**What the task asks**
Give a verbatim copy of the lines below, minus the pictures.

**The data**

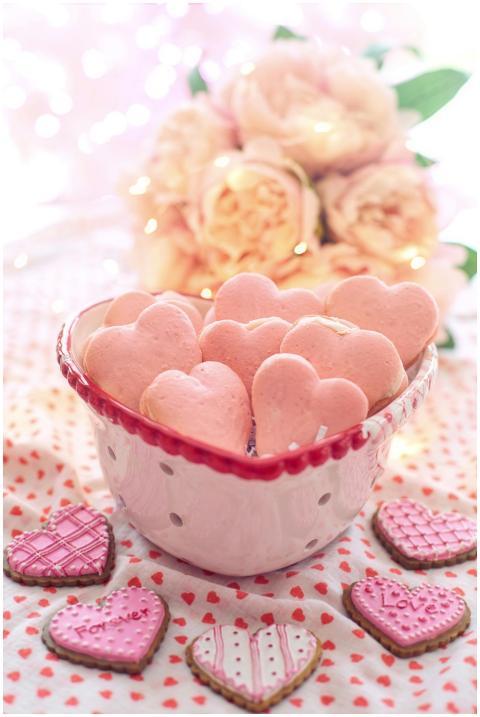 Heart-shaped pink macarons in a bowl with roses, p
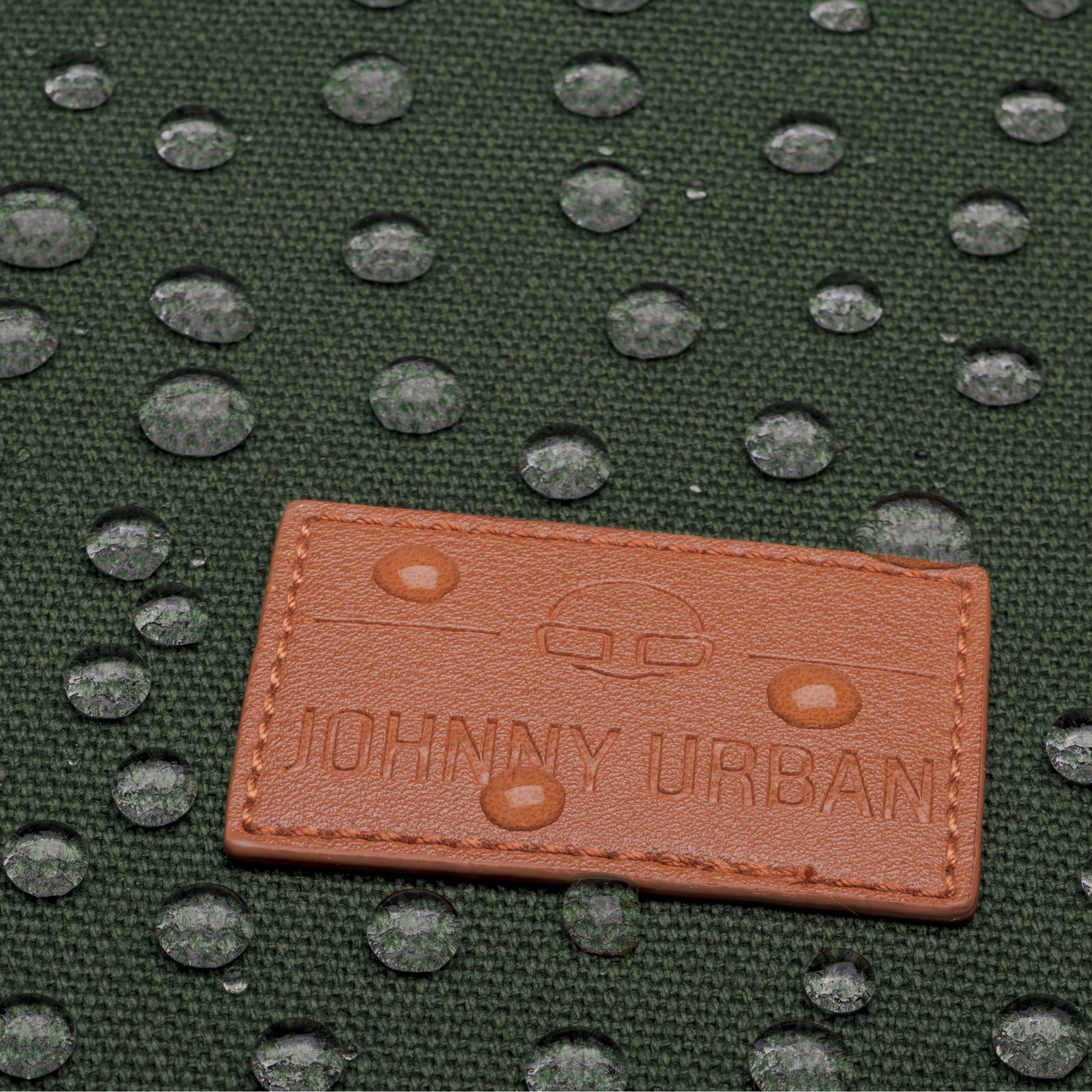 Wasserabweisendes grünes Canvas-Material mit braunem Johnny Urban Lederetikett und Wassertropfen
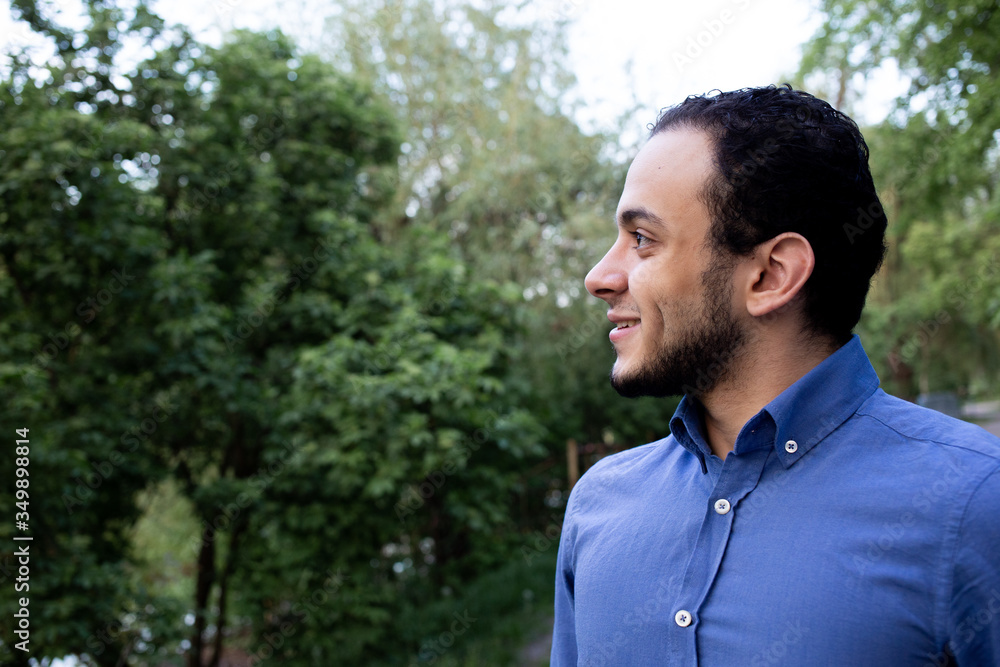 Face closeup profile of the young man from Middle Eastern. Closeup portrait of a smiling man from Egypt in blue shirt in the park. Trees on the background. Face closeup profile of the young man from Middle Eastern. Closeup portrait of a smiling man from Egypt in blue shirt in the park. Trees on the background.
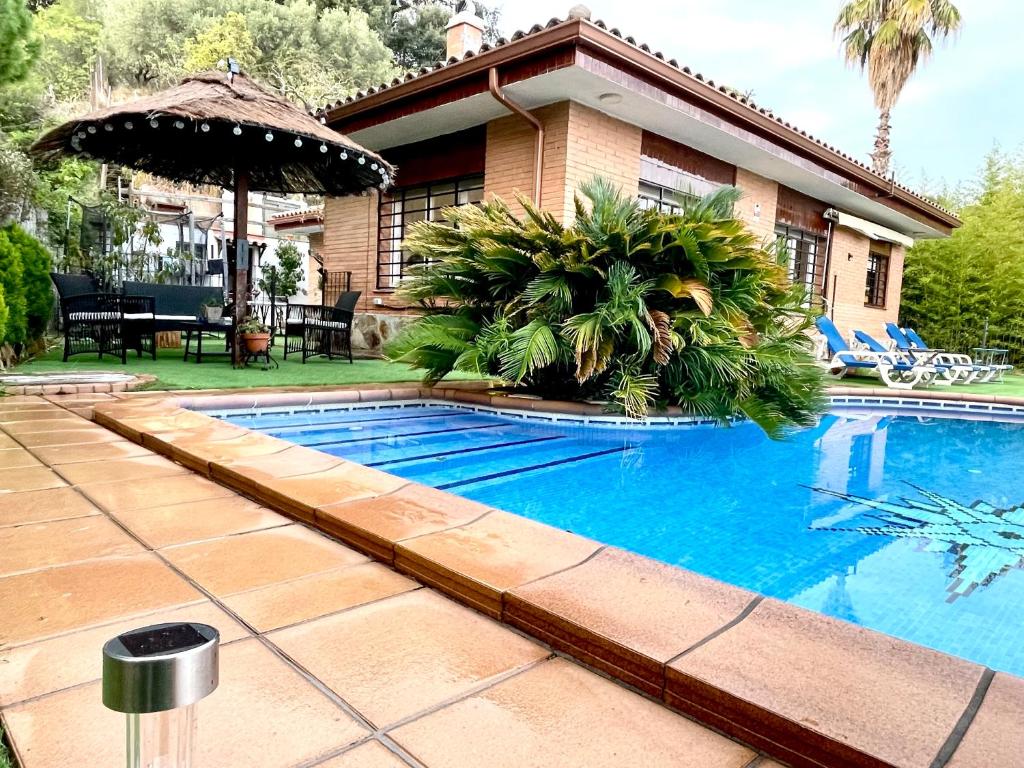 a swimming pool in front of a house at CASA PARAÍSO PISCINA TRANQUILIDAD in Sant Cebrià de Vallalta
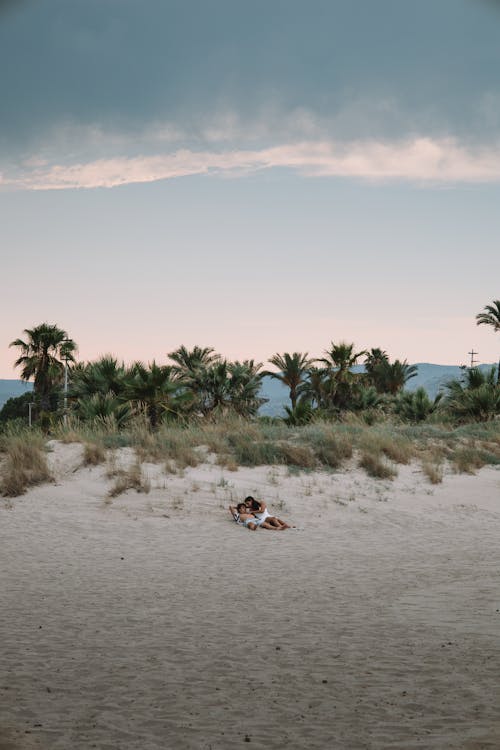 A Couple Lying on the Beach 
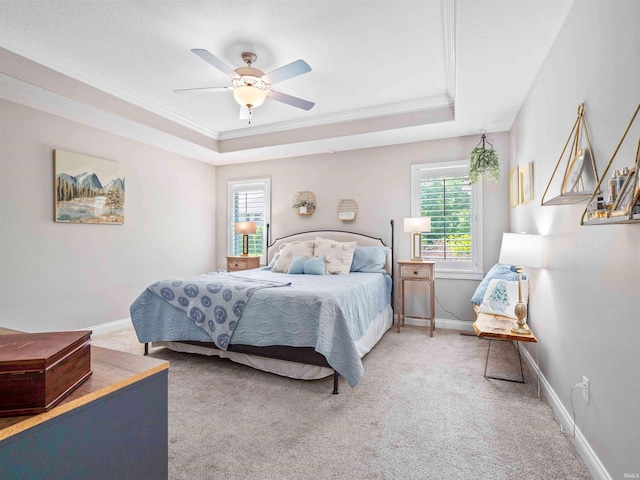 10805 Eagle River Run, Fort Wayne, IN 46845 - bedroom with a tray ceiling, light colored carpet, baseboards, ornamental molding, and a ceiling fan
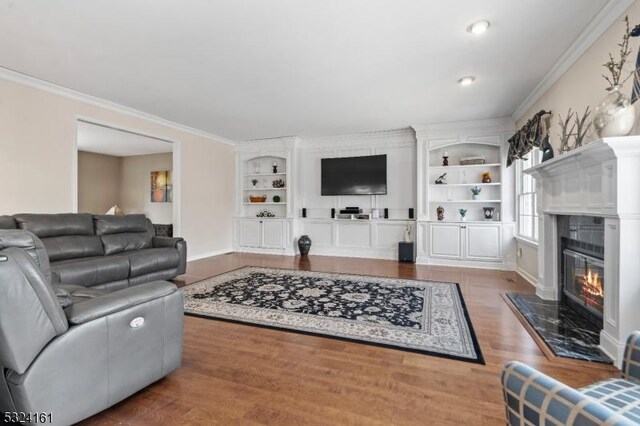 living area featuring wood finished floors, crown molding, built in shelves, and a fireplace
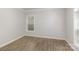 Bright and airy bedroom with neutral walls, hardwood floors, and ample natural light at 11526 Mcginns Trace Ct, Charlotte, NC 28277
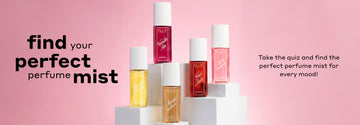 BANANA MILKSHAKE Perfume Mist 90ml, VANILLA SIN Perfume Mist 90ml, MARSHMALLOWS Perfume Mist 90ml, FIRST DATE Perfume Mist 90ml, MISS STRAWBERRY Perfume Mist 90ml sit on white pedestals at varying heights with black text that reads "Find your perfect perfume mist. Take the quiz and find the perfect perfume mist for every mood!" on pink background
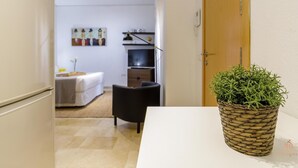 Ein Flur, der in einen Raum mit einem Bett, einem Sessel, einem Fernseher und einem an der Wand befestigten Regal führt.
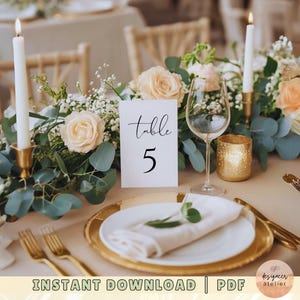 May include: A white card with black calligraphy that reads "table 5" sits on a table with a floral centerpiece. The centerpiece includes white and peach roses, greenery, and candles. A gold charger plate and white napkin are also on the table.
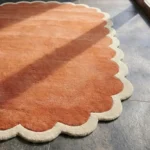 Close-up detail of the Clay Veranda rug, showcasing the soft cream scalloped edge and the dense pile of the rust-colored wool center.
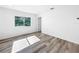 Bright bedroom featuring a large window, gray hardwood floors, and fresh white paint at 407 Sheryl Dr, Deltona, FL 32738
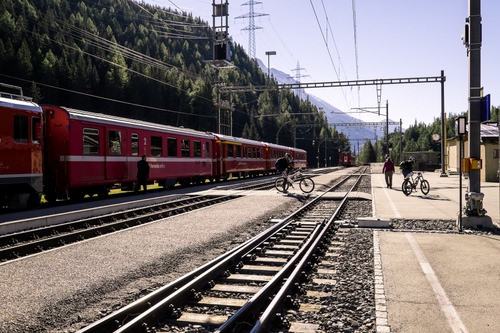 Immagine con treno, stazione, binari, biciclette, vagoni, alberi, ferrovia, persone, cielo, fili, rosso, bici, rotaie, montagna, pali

**Result**
 Heart-shaped pink macarons in a bowl with roses, p
 Wasserabweisendes grünes Canvas-Material mit braunem Johnny Urban Lederetikett und Wassertropfen
 Face closeup profile of the young man from Middle Eastern. Closeup portrait of a smiling man from Egypt in blue shirt in the park. Trees on the background. Face closeup profile of the young man from Middle Eastern. Closeup portrait of a smiling man from Egypt in blue shirt in the park. Trees on the background.
 a swimming pool in front of a house at CASA PARAÍSO PISCINA TRANQUILIDAD in Sant Cebrià de Vallalta
 A Couple Lying on the Beach 
 10805 Eagle River Run, Fort Wayne, IN 46845 - bedroom with a tray ceiling, light colored carpet, baseboards, ornamental molding, and a ceiling fan
 living area featuring wood finished floors, crown molding, built in shelves, and a fireplace
 Bright and airy bedroom with neutral walls, hardwood floors, and ample natural light at 11526 Mcginns Trace Ct, Charlotte, NC 28277
 BANANA MILKSHAKE Perfume Mist 90ml, VANILLA SIN Perfume Mist 90ml, MARSHMALLOWS Perfume Mist 90ml, FIRST DATE Perfume Mist 90ml, MISS STRAWBERRY Perfume Mist 90ml sit on white pedestals at varying heights with black text that reads "Find your perfect perfume mist. Take the quiz and find the perfect perfume mist for every mood!" on pink background
 Ein Flur, der in einen Raum mit einem Bett, einem Sessel, einem Fernseher und einem an der Wand befestigten Regal führt.
 May include: A white card with black calligraphy that reads "table 5" sits on a table with a floral centerpiece. The centerpiece includes white and peach roses, greenery, and candles. A gold charger plate and white napkin are also on the table.
 Close-up detail of the Clay Veranda rug, showcasing the soft cream scalloped edge and the dense pile of the rust-colored wool center.
 Bright bedroom featuring a large window, gray hardwood floors, and fresh white paint at 407 Sheryl Dr, Deltona, FL 32738
 Immagine con treno, stazione, binari, biciclette, vagoni, alberi, ferrovia, persone, cielo, fili, rosso, bici, rotaie, montagna, pali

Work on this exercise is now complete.